With the infinite array of information, speculation, myriad “prophetic” voices; voices of doom, voices of encouragement, voices of sheer, emotional fantasy there remains one true, sure and unalterable word. That word proceeds from a heavenly and not an earthly Source. That word is the living, eternal and supreme word of God. It is from this word that all my belief and anticipation emerges.

As Christ’s church moves forward, we must recognize that our enemy is as much the “status quo” as it is Satan. The desire or need or penchant to return to past experiences, or the vestiges of that which God has passed by; any business-as-usual church experience will sound the death-knell to the full desire of the Spirit of God.

As surely as I know Him I am convinced that God is raising up a NEW VOICE, a NEW FACE and a NEW HEART in the earth. In 2008, Great Britain reported less than 2% church attendance. Having spent a good deal of time in England, I can attest to the veracity of that figure. Something is gravely wrong when the land that felt the footsteps of Spurgeon, Whitefield, Wesley, Wigglesworth and other powerfully gifted and anointed men and women of God has deteriorated into the state it currently languishes.

In America, the echoes of Azusa Street have faded into oblivion. The times of Jonathon Edwards and the Great Awakening have become merely historic footnotes in the anthology of the church. Dwight L. Moody, Aimee Semple McPherson, John G. Lake, Billy Sunday, Oral Roberts, Billy Graham all shook the land, but as someone has aptly commented, “America is overwhelmed today with dime-a-dozen imitator preachers.” Those who seek to plumb the depths of God’s Spirit and to tap heaven’s well of wisdom must look beyond former personalities and movements for direction and understanding. What God is doing is BEYOND. What God is doing is BEYOND denominations and conventional fellowships. Where heaven is leading is BEYOND corporations, programs, preaching services, man-made agendas, strategies and designs. God told Daniel to “seal up the prophecy” because it would require a future generation to understand. That future generation has been birthed, but where are the fathers, where are the leaders, where are those with “understanding?”

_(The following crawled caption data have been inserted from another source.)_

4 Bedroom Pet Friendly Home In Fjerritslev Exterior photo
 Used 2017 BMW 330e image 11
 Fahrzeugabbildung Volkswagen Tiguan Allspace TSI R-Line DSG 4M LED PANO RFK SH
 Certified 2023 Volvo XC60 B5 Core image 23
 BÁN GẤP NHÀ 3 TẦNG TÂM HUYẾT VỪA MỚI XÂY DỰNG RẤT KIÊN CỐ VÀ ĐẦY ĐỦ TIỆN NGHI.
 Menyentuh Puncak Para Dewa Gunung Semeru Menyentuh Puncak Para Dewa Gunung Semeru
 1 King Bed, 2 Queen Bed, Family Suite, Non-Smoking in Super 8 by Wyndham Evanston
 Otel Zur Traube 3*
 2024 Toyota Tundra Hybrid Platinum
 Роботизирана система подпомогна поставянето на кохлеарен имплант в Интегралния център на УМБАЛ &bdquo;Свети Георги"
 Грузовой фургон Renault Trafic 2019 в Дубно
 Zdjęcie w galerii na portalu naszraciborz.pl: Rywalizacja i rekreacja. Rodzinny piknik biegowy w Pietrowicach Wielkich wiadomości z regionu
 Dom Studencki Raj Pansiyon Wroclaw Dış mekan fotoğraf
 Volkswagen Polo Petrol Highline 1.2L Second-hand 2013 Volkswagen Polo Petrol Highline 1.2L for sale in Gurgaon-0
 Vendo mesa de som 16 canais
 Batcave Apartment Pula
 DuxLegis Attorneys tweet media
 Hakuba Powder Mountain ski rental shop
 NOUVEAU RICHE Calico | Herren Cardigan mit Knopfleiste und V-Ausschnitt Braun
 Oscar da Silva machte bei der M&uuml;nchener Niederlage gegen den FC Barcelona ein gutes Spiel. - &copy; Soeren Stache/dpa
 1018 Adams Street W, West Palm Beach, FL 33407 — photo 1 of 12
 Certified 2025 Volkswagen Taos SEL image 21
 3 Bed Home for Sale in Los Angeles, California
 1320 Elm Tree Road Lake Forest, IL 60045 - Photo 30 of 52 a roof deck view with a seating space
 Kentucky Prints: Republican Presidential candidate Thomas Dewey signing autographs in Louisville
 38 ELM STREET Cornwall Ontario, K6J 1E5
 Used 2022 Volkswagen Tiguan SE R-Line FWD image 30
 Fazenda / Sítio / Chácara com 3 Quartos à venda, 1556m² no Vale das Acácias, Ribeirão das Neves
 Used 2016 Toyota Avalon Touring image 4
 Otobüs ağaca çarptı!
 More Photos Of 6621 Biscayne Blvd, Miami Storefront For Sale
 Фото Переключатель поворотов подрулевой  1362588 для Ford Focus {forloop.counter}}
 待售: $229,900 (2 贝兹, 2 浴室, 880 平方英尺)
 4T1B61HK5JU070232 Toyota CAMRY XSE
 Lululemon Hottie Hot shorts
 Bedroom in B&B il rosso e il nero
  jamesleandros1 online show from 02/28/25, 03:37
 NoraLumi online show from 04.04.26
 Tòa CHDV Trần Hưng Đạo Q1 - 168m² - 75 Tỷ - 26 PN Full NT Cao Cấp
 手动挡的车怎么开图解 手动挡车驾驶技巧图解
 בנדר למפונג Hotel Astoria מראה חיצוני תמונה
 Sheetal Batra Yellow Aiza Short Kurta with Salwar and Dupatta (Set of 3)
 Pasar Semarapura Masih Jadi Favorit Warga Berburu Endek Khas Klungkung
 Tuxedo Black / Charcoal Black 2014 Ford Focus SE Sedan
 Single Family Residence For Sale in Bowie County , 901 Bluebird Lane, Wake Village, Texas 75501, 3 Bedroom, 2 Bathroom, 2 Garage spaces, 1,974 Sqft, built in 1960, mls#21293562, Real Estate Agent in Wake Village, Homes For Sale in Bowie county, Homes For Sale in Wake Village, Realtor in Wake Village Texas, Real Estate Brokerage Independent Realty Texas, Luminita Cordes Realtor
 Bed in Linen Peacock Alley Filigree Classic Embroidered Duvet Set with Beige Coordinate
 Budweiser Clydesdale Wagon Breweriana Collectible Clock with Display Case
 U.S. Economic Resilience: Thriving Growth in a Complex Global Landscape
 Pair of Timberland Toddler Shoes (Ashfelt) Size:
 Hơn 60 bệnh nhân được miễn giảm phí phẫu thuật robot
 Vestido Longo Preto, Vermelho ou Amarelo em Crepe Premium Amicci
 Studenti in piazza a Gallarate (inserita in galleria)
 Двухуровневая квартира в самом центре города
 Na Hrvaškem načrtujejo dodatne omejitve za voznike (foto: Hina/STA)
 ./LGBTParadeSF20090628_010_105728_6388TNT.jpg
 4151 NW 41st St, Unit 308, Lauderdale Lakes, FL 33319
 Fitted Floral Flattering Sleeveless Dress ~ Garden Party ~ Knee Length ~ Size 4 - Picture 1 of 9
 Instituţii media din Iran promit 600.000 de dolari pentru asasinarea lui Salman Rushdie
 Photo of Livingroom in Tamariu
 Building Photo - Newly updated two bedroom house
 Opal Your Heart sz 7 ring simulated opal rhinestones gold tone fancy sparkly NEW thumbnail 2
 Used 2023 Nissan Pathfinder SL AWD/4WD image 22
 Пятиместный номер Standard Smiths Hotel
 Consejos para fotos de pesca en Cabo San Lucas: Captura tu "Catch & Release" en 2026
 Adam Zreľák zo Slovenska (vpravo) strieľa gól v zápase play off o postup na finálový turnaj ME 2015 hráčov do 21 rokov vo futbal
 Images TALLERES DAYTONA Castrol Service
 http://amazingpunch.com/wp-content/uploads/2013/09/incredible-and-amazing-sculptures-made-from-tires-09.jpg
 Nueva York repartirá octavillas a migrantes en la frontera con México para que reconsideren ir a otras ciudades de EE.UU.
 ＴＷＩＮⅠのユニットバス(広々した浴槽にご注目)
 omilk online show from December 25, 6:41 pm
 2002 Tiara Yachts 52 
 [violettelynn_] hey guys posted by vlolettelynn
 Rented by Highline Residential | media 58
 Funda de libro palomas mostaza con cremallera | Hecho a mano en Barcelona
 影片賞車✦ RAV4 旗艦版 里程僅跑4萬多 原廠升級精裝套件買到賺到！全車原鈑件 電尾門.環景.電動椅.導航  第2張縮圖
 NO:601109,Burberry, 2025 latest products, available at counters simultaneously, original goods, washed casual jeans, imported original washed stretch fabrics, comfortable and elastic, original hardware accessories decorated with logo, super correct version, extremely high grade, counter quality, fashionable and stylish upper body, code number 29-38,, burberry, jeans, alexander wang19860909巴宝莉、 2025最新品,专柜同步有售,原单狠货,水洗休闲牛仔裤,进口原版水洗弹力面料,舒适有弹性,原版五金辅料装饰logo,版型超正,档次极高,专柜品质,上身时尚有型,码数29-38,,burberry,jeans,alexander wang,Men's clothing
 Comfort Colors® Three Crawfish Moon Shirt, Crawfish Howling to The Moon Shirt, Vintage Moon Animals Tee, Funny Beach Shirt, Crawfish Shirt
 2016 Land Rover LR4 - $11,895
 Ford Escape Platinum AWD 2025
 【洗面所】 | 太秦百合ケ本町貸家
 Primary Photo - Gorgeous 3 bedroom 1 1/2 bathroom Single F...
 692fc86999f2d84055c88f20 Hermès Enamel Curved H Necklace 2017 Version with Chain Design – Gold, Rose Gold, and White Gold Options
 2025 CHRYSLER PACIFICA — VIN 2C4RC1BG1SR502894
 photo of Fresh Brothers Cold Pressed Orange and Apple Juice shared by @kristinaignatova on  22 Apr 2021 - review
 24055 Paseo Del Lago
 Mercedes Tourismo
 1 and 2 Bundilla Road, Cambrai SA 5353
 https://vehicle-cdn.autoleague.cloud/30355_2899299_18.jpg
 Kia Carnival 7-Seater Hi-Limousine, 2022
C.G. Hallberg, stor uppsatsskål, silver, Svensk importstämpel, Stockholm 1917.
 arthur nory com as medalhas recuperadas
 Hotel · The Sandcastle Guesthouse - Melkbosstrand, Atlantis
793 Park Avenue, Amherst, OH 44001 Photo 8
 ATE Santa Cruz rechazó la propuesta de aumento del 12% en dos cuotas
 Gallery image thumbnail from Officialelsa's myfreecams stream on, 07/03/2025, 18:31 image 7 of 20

Ezra chronicled the temperament of the sons of Issachar “who had understanding of the times, to know what Israel ought to do.” These understood the times, and knew what to do! It’s the knowing of “what to do” that is critical and essential. The same “Issachar spirit” that placed the Tribe in holy writ is being placed within a generation that has awakened to a new day of God’s anointing for the earth, and that “spirit” must be recognized and given freedom to speak, to be heard, to be heeded.

A nucleus of forerunners is rising in this hour. These contemporary “sons of Issachar” have understanding, and are hearing “what the Spirit says to the churches.” It is these who will make a difference for heaven in our time and we all, who would follow Christ and who will be His body must listen intently.

I sat as an observer in a staff meeting in a world-renowned church. The church had grown rapidly, even miraculously when leadership surrendered their positions of power in favor of the power of the Holy Spirit among them. Yet once the church had experienced sudden and God-engendered growth, the leadership had turned to formulae and program and methodology to continue what had begun in the Spirit. The Apostle Paul identified the tendency when he wrote to the Galatian church, “Are you so foolish? Having begun in the Spirit, are you now being made perfect by the flesh?” (Gal. 3:3).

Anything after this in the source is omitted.